DATA SHOWN ->
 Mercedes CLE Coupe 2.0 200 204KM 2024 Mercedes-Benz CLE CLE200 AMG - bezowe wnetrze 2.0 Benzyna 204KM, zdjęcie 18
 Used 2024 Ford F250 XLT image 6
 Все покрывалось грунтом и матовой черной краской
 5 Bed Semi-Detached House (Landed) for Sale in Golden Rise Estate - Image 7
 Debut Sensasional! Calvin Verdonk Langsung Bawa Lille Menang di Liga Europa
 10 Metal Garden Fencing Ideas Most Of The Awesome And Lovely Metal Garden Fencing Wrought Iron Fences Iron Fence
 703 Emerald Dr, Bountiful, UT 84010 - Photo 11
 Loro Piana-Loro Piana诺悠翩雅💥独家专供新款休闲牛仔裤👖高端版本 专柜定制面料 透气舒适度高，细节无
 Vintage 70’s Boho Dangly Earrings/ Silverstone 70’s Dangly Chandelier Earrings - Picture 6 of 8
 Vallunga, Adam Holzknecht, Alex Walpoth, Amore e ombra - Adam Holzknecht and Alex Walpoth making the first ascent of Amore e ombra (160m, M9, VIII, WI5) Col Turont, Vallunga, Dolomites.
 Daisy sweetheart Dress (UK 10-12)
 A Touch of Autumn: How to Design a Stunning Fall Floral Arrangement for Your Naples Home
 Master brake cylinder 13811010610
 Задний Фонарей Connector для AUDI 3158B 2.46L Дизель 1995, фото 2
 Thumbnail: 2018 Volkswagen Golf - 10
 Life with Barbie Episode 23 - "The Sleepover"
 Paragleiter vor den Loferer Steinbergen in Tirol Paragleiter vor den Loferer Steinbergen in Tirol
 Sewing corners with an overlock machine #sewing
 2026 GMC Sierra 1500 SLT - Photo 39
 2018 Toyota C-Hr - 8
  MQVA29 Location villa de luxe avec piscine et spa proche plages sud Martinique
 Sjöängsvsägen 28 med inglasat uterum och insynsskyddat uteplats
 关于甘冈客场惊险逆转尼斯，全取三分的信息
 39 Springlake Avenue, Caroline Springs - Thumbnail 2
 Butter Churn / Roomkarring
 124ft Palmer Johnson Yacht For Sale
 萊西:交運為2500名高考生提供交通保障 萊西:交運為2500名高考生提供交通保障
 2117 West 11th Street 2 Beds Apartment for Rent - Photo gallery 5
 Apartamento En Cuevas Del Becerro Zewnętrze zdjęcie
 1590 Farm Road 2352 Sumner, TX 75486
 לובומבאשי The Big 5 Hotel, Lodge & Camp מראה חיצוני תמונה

PROBLEM STATEMENT ->
Your task is to collect every line above that contains the word "Thumbnail".

SOLUTION FOR THIS TASK ->
 Thumbnail: 2018 Volkswagen Golf - 10
 39 Springlake Avenue, Caroline Springs - Thumbnail 2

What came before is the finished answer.